Gettin' All Emotional

I just had someone call and ask if I was OK.  (Thanks Pete!)  He was a little worried because Sunday I was a little on the emotional side and was concerned that there might be some challenges going on.  It's great to be loved, I'll tell you that.

Yep, I was a little emotional at church on Sunday.  What I was talking about was pretty close to my heart, this whole idea of keeping people at the middle of the frame.  (If you didn't hear the talk you can get it off the church website, www.coldspringschurch.net).   A lot of times the "church" can get knocked for being too focused on programs and buildings.  Some of it is true.  I have to be honest, pastor's can get into the trap of measuring their value, success, impact, etc by the size of their budget and their buildings.  Part of it can be because many other people measure them that way.  I digress.  

But really, if you take the time to delve into their heart, I will bet it bleeds for people.  That people would know Jesus.  That people would love Jesus.  That people would experience Jesus.  That people would be healed, changed, grow up, settle down, find hope, lose despair, experience faith, choose wisdom.  People.  That is what they care about.  It is what I care about.
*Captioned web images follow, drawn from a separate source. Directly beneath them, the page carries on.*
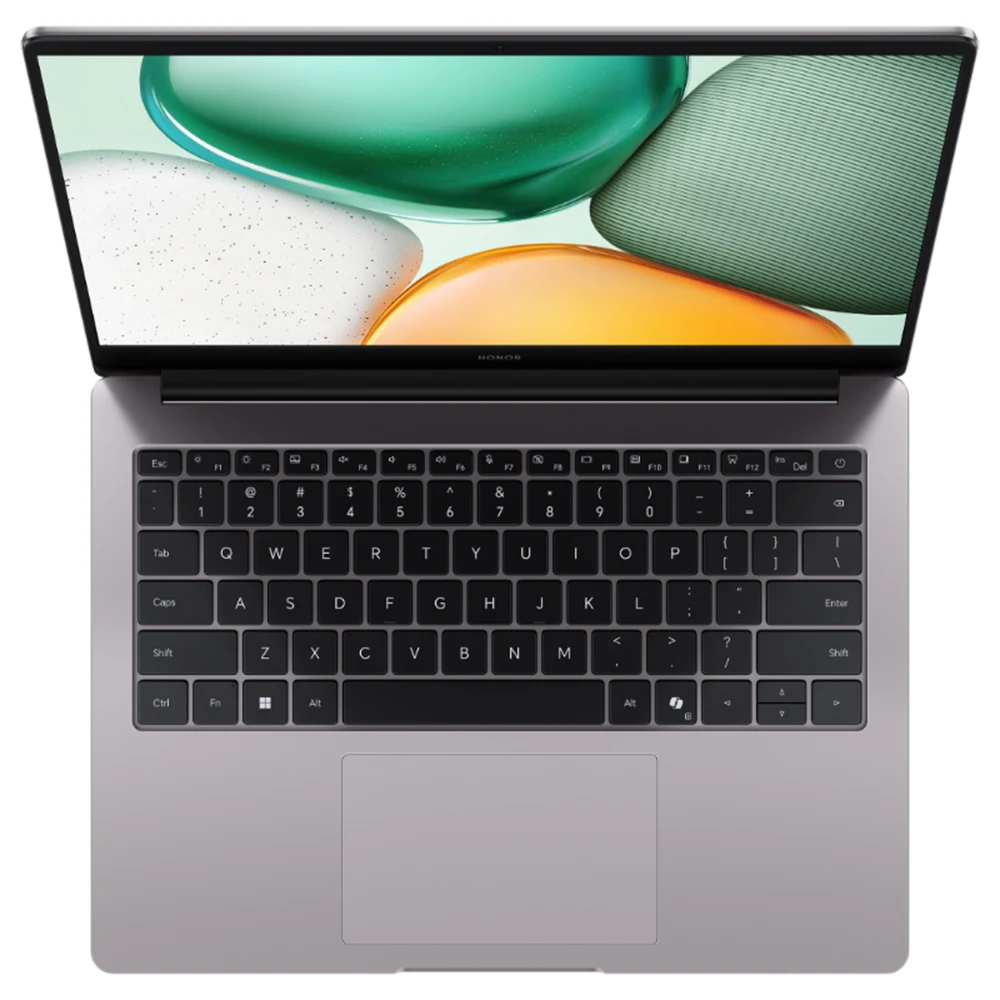 Honor Laptop X14 Combat Edition 2025 14-inch 13th Gen Core i5 13420H 16GB 512GB/1TB/2TB 60Hz IPS Screen Thin & Light Laptop - Image 4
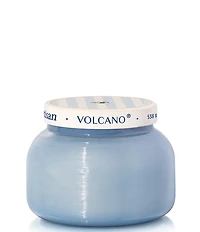 Capri Blue Artisan Caffe Capri™ Collection Volcano Signature Jar Scented Candle, 19 oz.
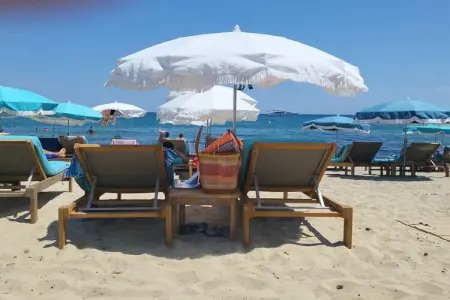 487379, Maison Bambou Résidence de vacances tout confort - Photo 30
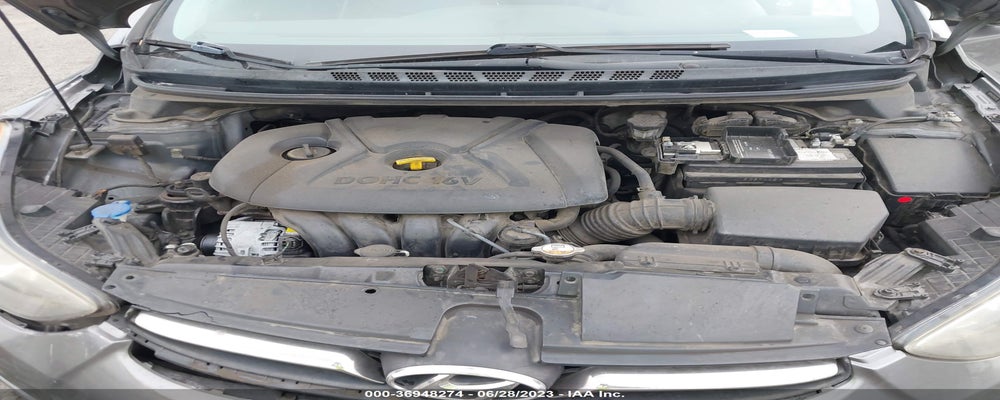 5NPDH4AE1DH437199 2013 HYUNDAI ELANTRA photo no. 10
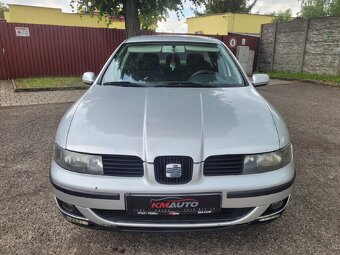 Seat Toledo 1.9 TDI 81kw - 2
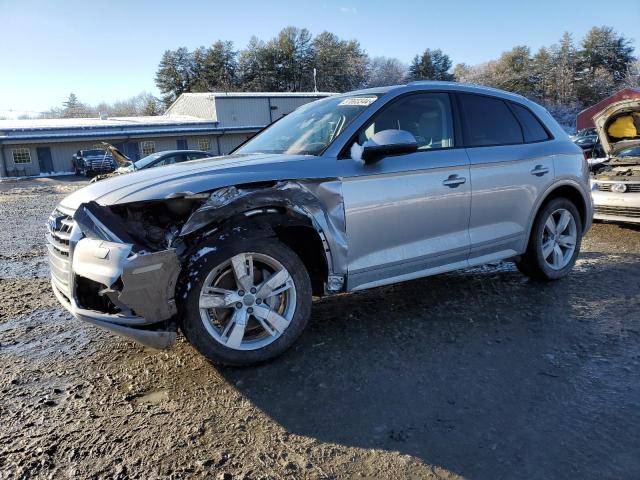 2018 Audi Q5 Premium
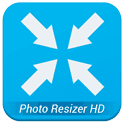 Photo Resizer HD
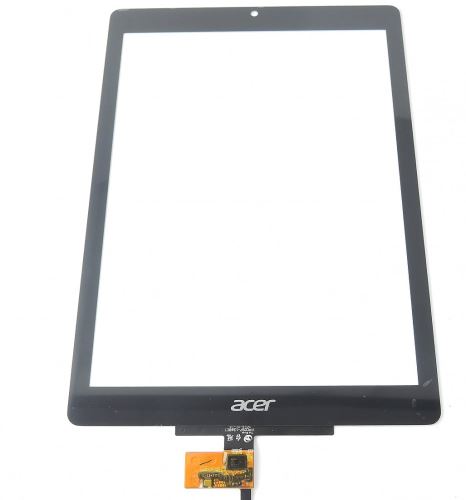 Acer Chromebook Tab 10 dotyk čierny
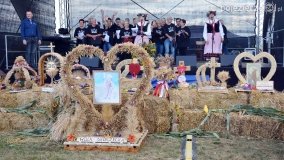Obfite Dożynki Gminy Gniezno! Obfite artystycznie i kulinarnie! - zdjęcie 30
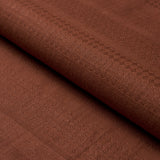 Schumacher Eivissa Sienna Fabric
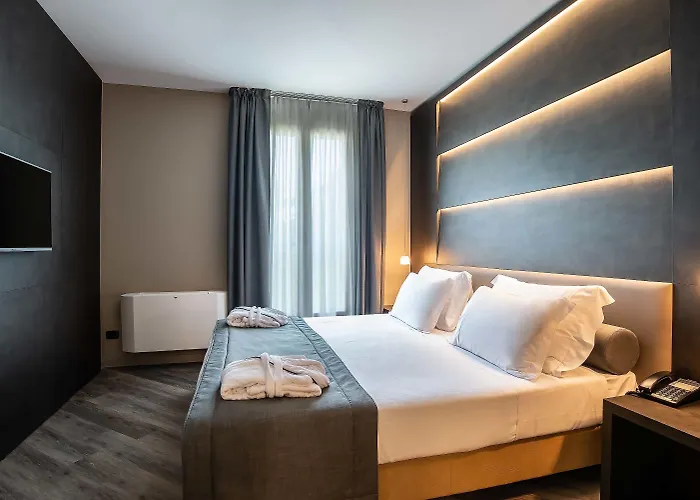 Hotel Palace Maranello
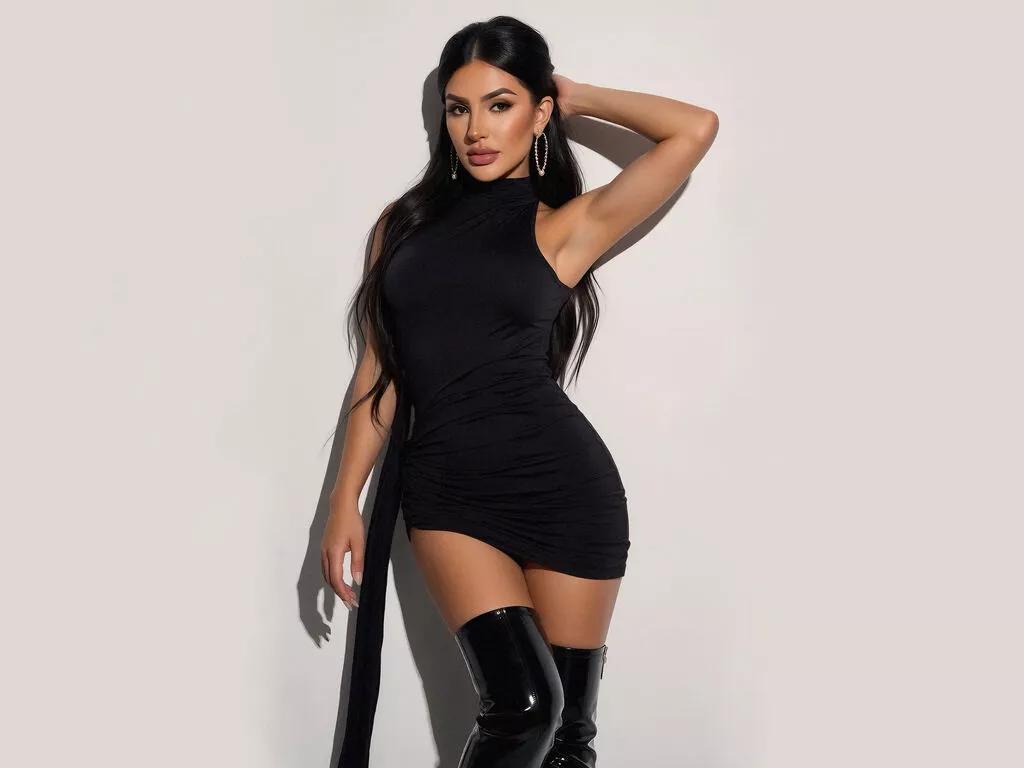 AngelicaSantos from LiveJasmin is Freechat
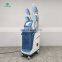 2022 Freezing Fat Cell Slimming Machine Cryolipolysis 4 Handles Fat Freezing Cryolipolysis 360 With Factory Price
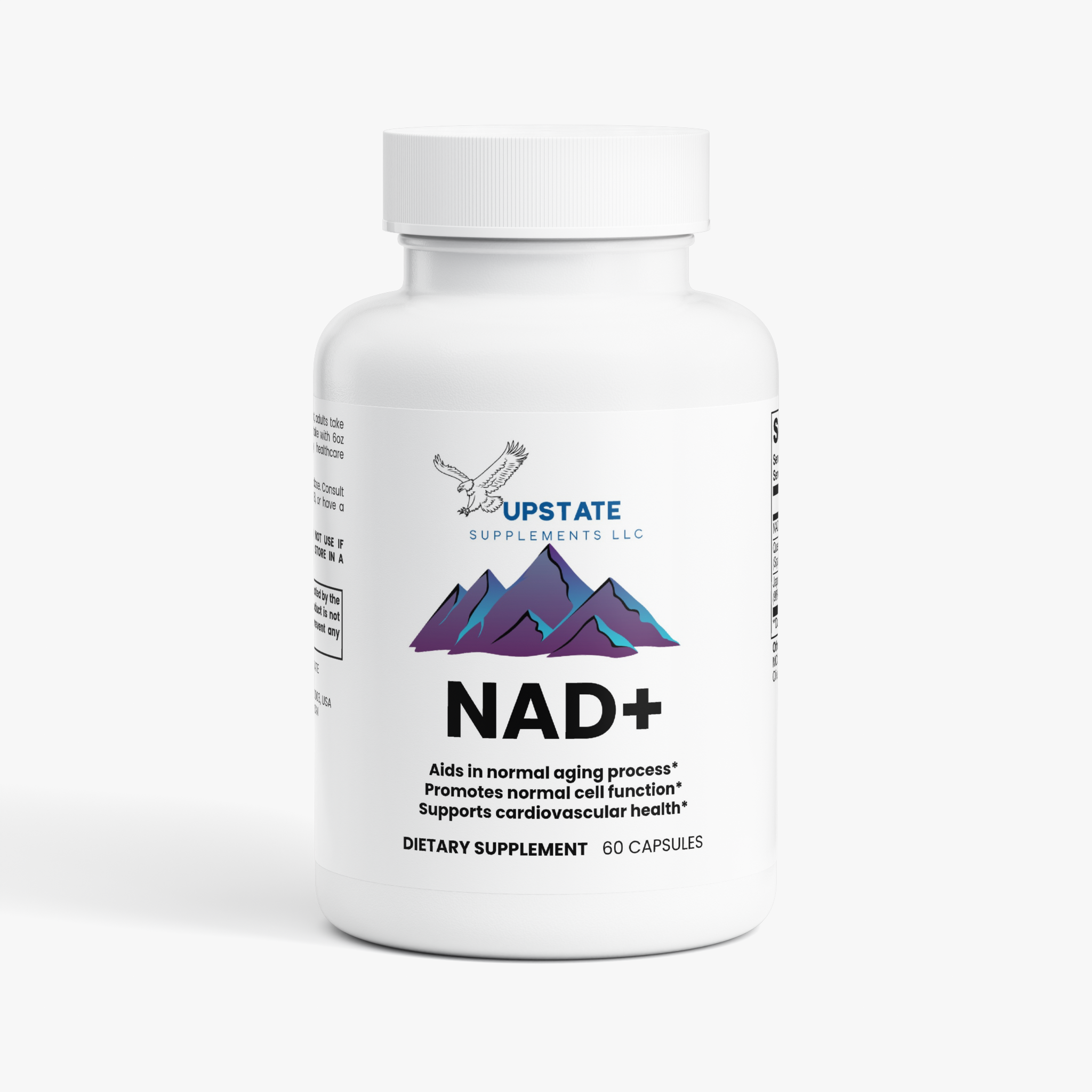 NAD+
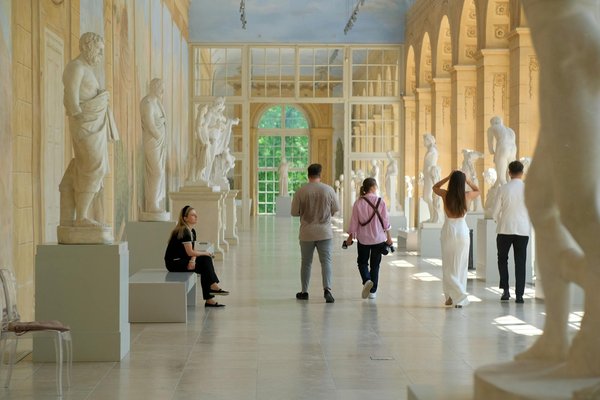 Boostez votre arabe : un cours interactif pour tous niveaux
Back to Sunday.  I was sharing about people and about eternity.  What makes a difference in forever?  It is people.  And the question I wrestle with is... "How can we help more people experience eternity?"  I get emotional about that and it chokes me up.

Another thing that played a part in it was I was at the end of a five day fast.  I strongly sensed that God was inviting me to fast and pray for five days so from Wednesday through Sunday I spent significantly more time before Jesus in prayer, reading, meditation and contemplation.  So, I also believe that the talk on Sunday had God's fingerprint upon it.  

In my journaling this morning, this is what I wrote about my time of fasting:  

“In thinking about [my fasting] today, the big thing would be God’s sustaining power, that is the lesson.  When I didn’t have food, God sustained my strength.  When I didn’t have emotional reserves, God came and made up for it.  When I struggled to find the message, the ideas, the creativity, God gave me those things at the time of need.”

Jesus needs to touch our whole life.  Heart, soul, mind and strength.  For someone who isn't highly emotional (ask my wife), that is a tough thing for me to allow at times.  And as a Pastor, I really want people to go beyond just thinking Christian, but acting Christ-like and feeling Christ-like.

A Prayer

Creator of our whole being, awaken in us a hunger that will only be filled by you, a thirst that would be unquenchable except by finding your living water.  Creator, create in us longings that find their fulfillment and peace in you.  Open our eyes to see you everywhere you are.  AMEN



2 comments:

Anonymous said...

Thank you for being brave enough and vulnerable enough to lead us by example as we engage our entire selves more and more with Jesus and others.

Life seems to come down to the immediate step we are taking that ultimately leads to all of eternity!

That's somewhat heavy- in a good way.

et

Anonymous said...

ok, i know i posted a comment yesterday... but oh well...

it was something to the effect that your courageous vulnerability in leading us by example to engage with Jesus more and more is appreciated...

and something about life being about the immediate step we're taking that ultimately leads to eternity... or some other deep thoughts

(this is why i don't have a blog of my own- there's too many people i need to listen to before i speak-er- write)!